Resolution on Executive Order 13233
Passed by the Senate on February 14, 2007Whereas the mission of the university is to promote open inquiry in the search for truth; and
Whereas SMU is engaged in serious discussions about the site of the future Bush Presidential Library, and
Whereas Executive Order 13233 will effectively limit access to the records in that library and thereby impede inquiry into the history of the United States and its presidencies, and
Whereas this Order will detrimentally affect the value of the library not only to SMU but to all scholars,
The Faculty Senate endorses the letter below from the faculty of the Department of History at SMU, initially published in the Daily Campus, and presents it to President R. Gerald Turner to take to the SMU Board of Trustees for their consideration, and calls on President Turner to ask President George W. Bush to rescind Executive Order 13233.
Presidential Order 13233 and the purpose of Presidential Libraries
As historians at SMU we have no collective position about bringing the Bush Presidential Library, Museum and Institute to this campus. Some of us favor it; others do not. We do believe, however, that there is one related issue on which we can speak.
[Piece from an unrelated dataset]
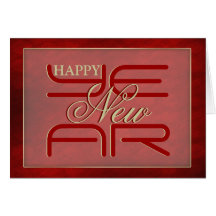 Elegant "New Year" red gold Card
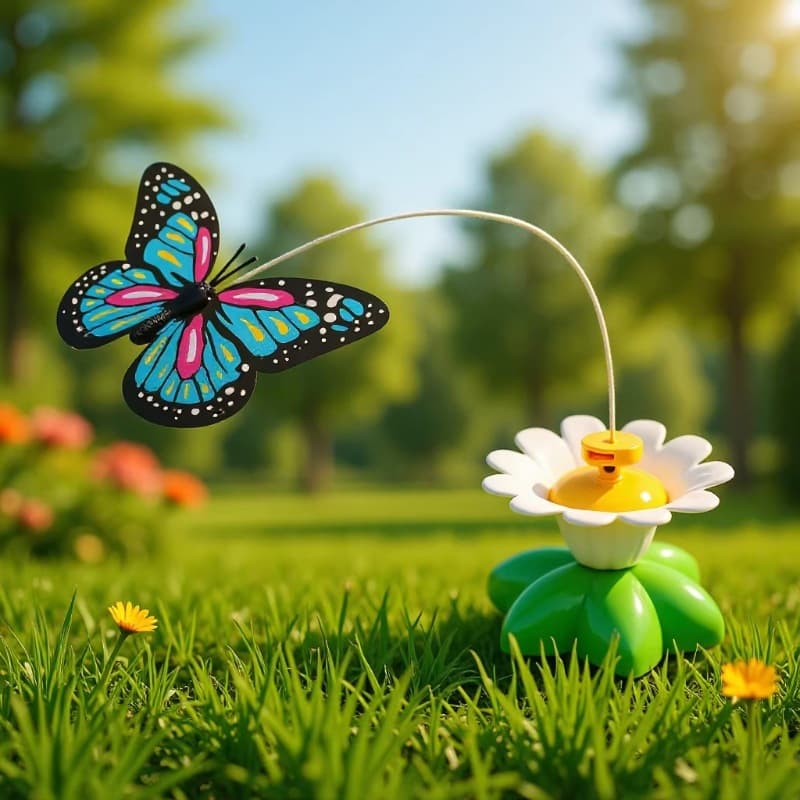 Electric Cat Toy Butterfly Teaser Stick Bee Flower Interactive Pet Toy For Cats Birds Flowers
This is the matter of Presidential Order 13233, which gives current and former presidents the power to withhold records in presidential libraries virtually at their discretion.
Like many historians elsewhere, we are worried about several provisions of the order. In our opinion, these go against Congress’s purpose when it passed the Presidential Libraries Act.
First, the order grants power to incumbent presidents to overrule determinations by former presidents that records in “their” presidential libraries may be released. We are very concerned that an incumbent president might exert this power to block the release of a former administration’s material merely because it would be politically detrimental. That could happen in either direction, a Democratic incumbent blocking the access to the records of a Republican predecessor, or a Republican blocking access to those of a Democrat.
Second, the order empowers former presidents to designate representatives who can act for them, including in cases of the former president’s death or disability. If in such a case there is no designated representative, the former president’s family may appoint one. These representatives will act with the full power of the former president, “including with respect to . . . constitutionally based privileges.”
In our opinion, these provisions create real possibilities for stifling legitimate and necessary public discussion. We accept that a former president may enjoy some continuation of the executive privilege that obtained during that person’s time in office. But “designated representatives” exercising legal privileges on matters of public interest without public accountability are unknown to the Constitution. Moreover, until Executive Order 13233, membership in an American presidential family has never led to extraordinary political rights, beyond the rights we all share as citizens.
Our two primary professional organizations, the American Historical Association and the Organization of American Historians, are on record as opposing Executive Order 13233. They have sought in court to have the order overturned. In their opinion, which they seek to have tested in the courts, the order contravenes the spirit and intent of the Presidential Records Act.
As the act makes plain, presidential papers from Reagan onward are the property of the United States, not of any individual or family. The clear purpose of the Presidential Records Act is to permit and encourage the fullest possible discussion of presidents and their policies at an early point following a presidency’s end. Under the Act, release of materials is intended to begin 12 years after a president leaves office. The act already establishes conditions and procedures for withholding certain records. Mere choice by a former or incumbent president, by a “designated representative,” or by a former president’s family should not be enough to do so, beyond the provisions of the act.
We believe that the greatest benefit to SMU of having a presidential library will be to make the university a center of serious research on matters of the highest public import. We recognize that the records of this Administration will be of immense historical and civic interest. We believe that like its counterparts, the proposed George W. Bush Presidential Library should be a place of serious study and discussion, to the fullest extent and at the earliest time possible as mandated by the statute that makes the library possible.
We are making this statement in regard to the Presidential Order, not in regard to the proposed Bush Library, Museum, and Institute. We do not expect that our opposition to the order could lead to its being rescinded. That will require a decision by the Supreme Court, or an act of Congress, or an executive order by a subsequent president. But we do believe that all material in all presidential libraries, including the Bush Library, should be open to full access in accord with the letter and the spirit of the Presidential Records Act.